Question

the sum of the height and diameter of a cylinder is 24 cm. what is the maximal volume of the cylinder?

Answer 1

\[ 512 \pi \space cm^3\]

Answer 2

please could u tell me how u got the answer?

Answer 3

Am I correct?

Answer 4

i dont know

Answer 5

A Mathematica PDF solution with comments is attached.

Answer 6

@robtobey:Nice but don't you think it's a bit overkill for considering the problem?:

Answer 7

Also,you have explain why r=8 gives the maximum solution either geometrically or intuitively.

Answer 8

Out[9] is the derivative of the cylinder volume with respect to r. Out[10] is the two solutions for r obtained by setting the derivative to zero and solving for r, a standard calculus method for obtaining the maximum cylinder volume in this case. In Mathematica the r solutions are given as replacement rules, r -> 8, rather than the traditional r = 8.

Your's and my responses are probably the most extreme problem solution forms presented on this site. Yours is in this case the answer only followed by an ignored request, at least so far, from the problem poser, yahya__vip, asking how you obtained the 512pi answer, vs mine, which includes narrative, the math solution procedure and a high quality cylinder volume function plot.
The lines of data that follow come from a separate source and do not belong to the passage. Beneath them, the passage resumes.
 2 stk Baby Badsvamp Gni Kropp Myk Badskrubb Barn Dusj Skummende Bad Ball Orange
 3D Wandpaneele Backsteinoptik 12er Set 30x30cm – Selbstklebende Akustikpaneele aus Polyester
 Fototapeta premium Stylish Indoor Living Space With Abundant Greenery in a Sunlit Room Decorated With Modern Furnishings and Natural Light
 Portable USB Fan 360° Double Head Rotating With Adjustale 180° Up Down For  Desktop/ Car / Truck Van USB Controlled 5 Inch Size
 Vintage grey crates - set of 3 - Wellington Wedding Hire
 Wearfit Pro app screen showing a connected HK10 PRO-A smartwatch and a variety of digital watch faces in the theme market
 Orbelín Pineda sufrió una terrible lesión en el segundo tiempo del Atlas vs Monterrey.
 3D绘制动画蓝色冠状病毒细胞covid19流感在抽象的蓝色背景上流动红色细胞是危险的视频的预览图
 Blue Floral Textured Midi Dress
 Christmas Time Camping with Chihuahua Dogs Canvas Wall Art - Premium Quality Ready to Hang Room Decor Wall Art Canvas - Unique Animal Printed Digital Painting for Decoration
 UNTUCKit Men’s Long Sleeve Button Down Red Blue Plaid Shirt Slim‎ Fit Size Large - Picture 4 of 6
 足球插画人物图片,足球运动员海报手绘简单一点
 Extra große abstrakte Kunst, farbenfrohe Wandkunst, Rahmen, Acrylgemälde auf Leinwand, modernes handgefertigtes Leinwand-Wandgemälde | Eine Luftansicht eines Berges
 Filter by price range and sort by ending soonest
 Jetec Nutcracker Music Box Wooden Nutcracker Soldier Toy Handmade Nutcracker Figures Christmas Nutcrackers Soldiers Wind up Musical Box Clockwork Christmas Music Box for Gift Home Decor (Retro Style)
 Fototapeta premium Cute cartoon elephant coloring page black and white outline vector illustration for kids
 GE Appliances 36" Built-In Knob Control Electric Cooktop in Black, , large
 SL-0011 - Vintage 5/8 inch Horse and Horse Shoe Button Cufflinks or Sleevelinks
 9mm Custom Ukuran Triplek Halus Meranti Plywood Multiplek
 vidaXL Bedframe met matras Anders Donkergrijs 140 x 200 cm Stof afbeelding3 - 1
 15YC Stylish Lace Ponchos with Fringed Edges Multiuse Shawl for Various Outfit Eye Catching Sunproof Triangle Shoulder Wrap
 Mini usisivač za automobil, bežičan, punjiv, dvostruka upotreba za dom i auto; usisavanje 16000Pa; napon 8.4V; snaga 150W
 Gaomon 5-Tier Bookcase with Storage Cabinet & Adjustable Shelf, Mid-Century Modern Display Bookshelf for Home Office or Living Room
By the way, the plot allows one to guess a solution value and is not presented as a proof of the solution.

Answer 9

ty alot for the help but i dont think that is the answer,the lesson is about derivatives btw

Answer 10

@ yahya__vip

Putting aside the this and that between myself and FoolForMath, both of us agree that the maximum volume of the cylinder where the sum of the cylinder's diameter and height is restricted to 24 cm is:\[512 \pi \text{ cm}^3 \]If you don't agree can you prove otherwise?

Answer 11

well,if you can plot the graph the solution is just intuitively plausible in this case.

Answer 12

what I don't like is user wants to know "how" and not "why",how is easy but doesn't makes sense if you don't know why...